▶ WHAT TO WORK ON: From the line with "BE-LIFE | OMEGA" down to the final line of the material, please transcribe everything exactly, but leave the pictures out.

▶ DATASET CONTENT:
★ ★ ★ ★ ★

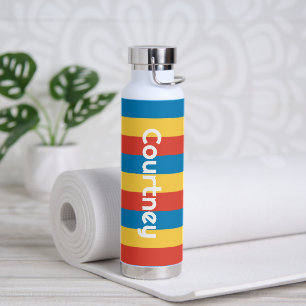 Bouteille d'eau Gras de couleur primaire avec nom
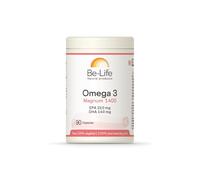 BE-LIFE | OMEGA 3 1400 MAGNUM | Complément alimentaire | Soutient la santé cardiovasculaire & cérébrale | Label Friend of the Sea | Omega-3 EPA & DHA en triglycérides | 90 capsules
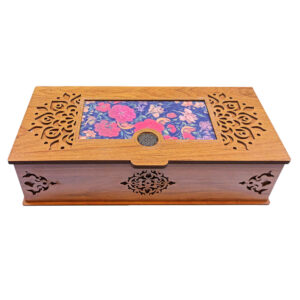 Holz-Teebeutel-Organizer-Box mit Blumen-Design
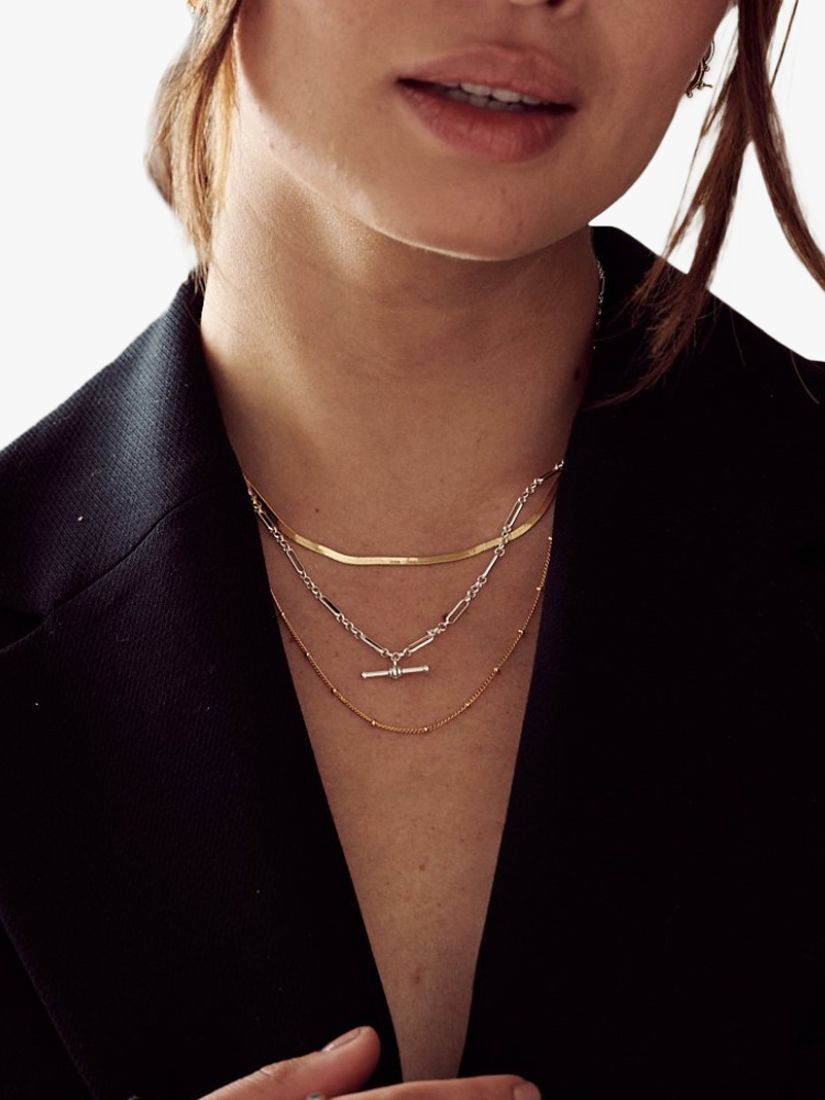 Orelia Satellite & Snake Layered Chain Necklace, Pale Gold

★ ★ ★ ★ ★

▶ ANSWER SPACE:
 BE-LIFE | OMEGA 3 1400 MAGNUM | Complément alimentaire | Soutient la santé cardiovasculaire & cérébrale | Label Friend of the Sea | Omega-3 EPA & DHA en triglycérides | 90 capsules
 Holz-Teebeutel-Organizer-Box mit Blumen-Design
 Orelia Satellite & Snake Layered Chain Necklace, Pale Gold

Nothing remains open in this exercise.